Joint for an Industrial Robot

Abstract

A joint for transmitting movements between articulated elements of a parallel kinematics robot has at least two degrees of freedom and includes: a first housing, a second housing arranged rotatable in relation to the first housing about a first axis, and a shaft arranged rotatable in relation to the second housing about a second axis which coincides with a longitudinal axis of the shaft. The shaft is arranged rotatable in relation to the second housing by at least a first angular contact bearing. In applications where one of the revolute pairs of a joint is subjected to radial and axial forces of similar order, and another one is subjected almost solely to radial forces, it is advantageous to manage the forces of the prior by means of an angular contact bearing or bearings configured to bear both radial and axial loads, whereby a joint with very small backlash in a particularly compact design can be achieved.

Claims

1.-15. (canceled)

16. A joint for transmitting movements between articulated elements of a parallel kinematics robot, the joint having at least two degrees of freedom and comprising: a first housing, a second housing arranged rotatable in relation to the first housing about a first axis, a shaft arranged rotatable in relation to the second housing about a second axis which coincides with a longitudinal axis of the shaft, the shaft being arranged rotatable in relation to the second housing by at least a first angular contact bearing, wherein each angular contact bearing includes a plurality of cylindrical rolling elements.

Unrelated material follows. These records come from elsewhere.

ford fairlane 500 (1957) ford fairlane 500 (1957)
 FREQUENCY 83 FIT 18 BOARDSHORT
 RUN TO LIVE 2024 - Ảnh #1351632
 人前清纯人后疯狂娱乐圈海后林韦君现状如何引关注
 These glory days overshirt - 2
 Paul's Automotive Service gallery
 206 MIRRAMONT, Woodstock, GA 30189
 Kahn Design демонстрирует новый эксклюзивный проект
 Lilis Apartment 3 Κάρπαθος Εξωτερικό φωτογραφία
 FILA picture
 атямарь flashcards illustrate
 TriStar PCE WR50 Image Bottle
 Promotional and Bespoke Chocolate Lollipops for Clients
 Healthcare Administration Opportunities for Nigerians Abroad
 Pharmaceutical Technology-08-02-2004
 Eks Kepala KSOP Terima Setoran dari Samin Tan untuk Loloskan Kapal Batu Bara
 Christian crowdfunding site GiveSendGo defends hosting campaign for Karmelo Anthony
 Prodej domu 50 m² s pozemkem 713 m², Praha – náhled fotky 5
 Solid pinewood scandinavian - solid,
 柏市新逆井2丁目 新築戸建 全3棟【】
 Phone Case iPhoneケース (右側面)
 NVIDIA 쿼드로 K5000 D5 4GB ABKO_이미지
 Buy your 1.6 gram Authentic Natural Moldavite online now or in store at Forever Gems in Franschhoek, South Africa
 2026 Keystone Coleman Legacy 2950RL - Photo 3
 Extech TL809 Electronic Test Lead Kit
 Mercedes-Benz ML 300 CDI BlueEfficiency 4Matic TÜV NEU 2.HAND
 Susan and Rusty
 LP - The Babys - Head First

17. The joint according to claim 16, wherein the first axis is perpendicular in relation to the second axis.

18. The joint according to claim 16, wherein the first axis intersects the second axis.

19. The joint according to claim 16, wherein the shaft is arranged rotatable in relation to the second housing by means of a second angular contact bearing configured to bear axial load in opposite direction than the first angular contact bearing.

20. The joint according to claim 16, wherein the first housing is formed as a fork including two branches, and the second housing is arranged rotatable between the two branches by means of a roller bearing at each branch.

21. The joint according to claim 20, wherein each roller bearing is a deep groove ball bearing.

22. The joint according to claim 20, wherein the first housing consists of at least two individual parts that are configured to be put together, each of the two branches belonging to a different individual part.

23. The joint according to claim 20, wherein at least two of the individual parts are identical.

24. The joint according to claim 16, wherein each angular contact bearing is preloaded with a force than has components both in an axial and in radial directions in relation to the second axis.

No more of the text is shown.